(PRWEB) November 01, 2012
At The John Marshall Law School in Chicago, the outstanding Trial Advocacy Program is being strengthened with additional courses in the latest courtroom technologies, personalized interactions with the city’s top lawyers and judges, and externships that offer students hands-on experience.
The Trial Advocacy Program at The John Marshall Law School in Chicago continues its strong tradition of preparing students through a specialized curriculum, personalized trial skills training and externships.
“Our trial advocacy program has long been recognized as a national leader,” Dean John E. Corkey said. “We have maintained this high quality program by including the most current technology in the classrooms so the students can learn the skills they need.”
Three new technologically enhanced courtroom/classrooms provide real life backdrops for extensive skills-training courses covering both trial advocacy, a required course at John Marshall, and conflict resolution. Through these fully-equipped courtrooms, students learn to present evidence using the most progressive techniques and technological tools in the most persuasive and compelling manner.
“Before these improvements were made at John Marshall, our staff investigated technology in today’s state-of-the-art federal courtrooms,” Corkery said. “Our facilities allow the students the opportunities to practice fundamental and advanced trial skills under the direction of a premiere quality adjunct faculty.”
Federal and state court judges, federal and state court prosecutors, experienced defense attorneys and civil litigators are an integral component of The John Marshall Law School’s trial-skills training programs.
“Our students are instructed by many of the most highly-qualified attorneys and judges in the Chicago area,” Professor Susann MacLachlan, director of the Center for Advocacy and Dispute Resolution, noted, “allowing them the experience necessary to graduate as courtroom-ready attorneys.”

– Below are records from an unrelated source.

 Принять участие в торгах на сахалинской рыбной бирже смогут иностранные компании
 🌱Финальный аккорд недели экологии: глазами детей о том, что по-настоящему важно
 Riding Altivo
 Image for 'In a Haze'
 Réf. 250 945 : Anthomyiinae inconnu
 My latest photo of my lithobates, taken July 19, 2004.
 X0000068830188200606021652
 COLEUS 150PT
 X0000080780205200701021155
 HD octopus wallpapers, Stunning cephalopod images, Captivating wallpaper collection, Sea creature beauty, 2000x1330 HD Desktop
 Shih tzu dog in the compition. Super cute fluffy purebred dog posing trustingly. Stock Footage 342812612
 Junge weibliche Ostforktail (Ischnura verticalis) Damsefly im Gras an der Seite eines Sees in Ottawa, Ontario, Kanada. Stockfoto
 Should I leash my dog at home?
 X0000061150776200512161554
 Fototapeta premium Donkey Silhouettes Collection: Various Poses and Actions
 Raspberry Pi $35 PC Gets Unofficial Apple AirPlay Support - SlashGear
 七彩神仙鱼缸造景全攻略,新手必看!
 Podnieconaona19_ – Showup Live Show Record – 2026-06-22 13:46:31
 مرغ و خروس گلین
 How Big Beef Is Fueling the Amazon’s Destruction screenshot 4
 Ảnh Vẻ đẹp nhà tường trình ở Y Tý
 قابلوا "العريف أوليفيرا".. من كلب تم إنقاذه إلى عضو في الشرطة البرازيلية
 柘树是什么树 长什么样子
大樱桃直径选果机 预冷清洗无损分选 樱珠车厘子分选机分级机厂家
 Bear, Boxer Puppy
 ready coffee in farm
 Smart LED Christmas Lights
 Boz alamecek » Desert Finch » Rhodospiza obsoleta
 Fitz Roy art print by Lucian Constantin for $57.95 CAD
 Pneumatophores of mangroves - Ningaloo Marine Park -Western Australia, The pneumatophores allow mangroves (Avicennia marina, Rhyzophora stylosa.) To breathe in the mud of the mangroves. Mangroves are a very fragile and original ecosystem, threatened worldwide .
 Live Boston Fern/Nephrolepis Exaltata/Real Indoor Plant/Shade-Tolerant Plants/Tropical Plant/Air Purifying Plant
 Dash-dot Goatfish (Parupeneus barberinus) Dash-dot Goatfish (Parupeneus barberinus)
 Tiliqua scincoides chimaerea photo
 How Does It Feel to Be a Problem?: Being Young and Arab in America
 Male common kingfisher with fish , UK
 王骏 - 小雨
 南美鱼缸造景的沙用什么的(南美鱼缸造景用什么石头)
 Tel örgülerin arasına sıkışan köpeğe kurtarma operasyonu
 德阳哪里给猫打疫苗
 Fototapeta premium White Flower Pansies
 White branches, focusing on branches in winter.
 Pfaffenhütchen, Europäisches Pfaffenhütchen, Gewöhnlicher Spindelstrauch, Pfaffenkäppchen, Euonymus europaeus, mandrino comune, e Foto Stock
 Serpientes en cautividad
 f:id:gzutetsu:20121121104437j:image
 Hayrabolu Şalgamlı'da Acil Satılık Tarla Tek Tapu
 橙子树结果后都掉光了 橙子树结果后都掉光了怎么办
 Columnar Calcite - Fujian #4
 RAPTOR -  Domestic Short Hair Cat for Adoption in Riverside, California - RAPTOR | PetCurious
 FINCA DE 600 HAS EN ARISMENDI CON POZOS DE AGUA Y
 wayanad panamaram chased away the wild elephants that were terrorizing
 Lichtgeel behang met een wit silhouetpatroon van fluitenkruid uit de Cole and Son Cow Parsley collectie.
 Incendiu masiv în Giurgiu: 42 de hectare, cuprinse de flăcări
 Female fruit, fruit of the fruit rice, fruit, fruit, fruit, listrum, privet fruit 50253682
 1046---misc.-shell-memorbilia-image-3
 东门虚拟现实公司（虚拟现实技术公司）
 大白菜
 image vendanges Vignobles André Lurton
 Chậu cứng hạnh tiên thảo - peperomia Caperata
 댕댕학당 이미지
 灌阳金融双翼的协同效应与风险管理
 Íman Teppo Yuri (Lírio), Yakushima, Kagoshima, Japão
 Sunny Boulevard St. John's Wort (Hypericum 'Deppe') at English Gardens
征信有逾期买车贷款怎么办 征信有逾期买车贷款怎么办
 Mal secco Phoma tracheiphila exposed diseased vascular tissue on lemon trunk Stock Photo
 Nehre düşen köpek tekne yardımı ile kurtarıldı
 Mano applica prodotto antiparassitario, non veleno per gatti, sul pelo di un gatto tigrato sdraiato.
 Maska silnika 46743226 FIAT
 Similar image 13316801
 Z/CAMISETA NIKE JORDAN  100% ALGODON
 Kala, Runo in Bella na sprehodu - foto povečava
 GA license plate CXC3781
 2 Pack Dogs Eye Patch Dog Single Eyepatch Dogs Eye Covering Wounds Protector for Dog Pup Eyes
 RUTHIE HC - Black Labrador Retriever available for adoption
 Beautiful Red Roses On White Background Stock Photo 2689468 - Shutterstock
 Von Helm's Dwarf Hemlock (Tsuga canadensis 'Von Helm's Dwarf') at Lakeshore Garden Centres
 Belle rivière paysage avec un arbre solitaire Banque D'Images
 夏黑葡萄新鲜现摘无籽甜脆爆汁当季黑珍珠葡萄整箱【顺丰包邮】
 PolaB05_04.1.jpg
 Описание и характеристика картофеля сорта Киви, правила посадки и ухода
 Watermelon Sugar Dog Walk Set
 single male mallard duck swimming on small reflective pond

In addition, numerous advanced courses are available to the students that enable them to perfect their techniques and continue their practice of litigation while still in school.
“In all, John Marshall provides eight trial skills-based courses, supplemented by numerous offerings in areas of advanced evidence, jury selection, trial strategy and expert witnesses, to highlight only a few,” MacLachlan explained. “The curriculum includes opportunities for motivated students to earn certificates in both trial advocacy and alternative dispute resolution. There is also a LLM program in Trial Advocacy and Dispute Resolution first available in the 2011-2012 academic year, that is one of only a handful of such exciting programs in the country.”
The John Marshall Law School is routinely invited to participate in trial, negotiation and arbitration competitions. Training is extremely rigorous and selection for these coveted team positions is highly competitive. The qualifying members of these teams hold prestigious positions on The John Marshall Law School’s Trial Advocacy and Dispute Resolution Honors Council.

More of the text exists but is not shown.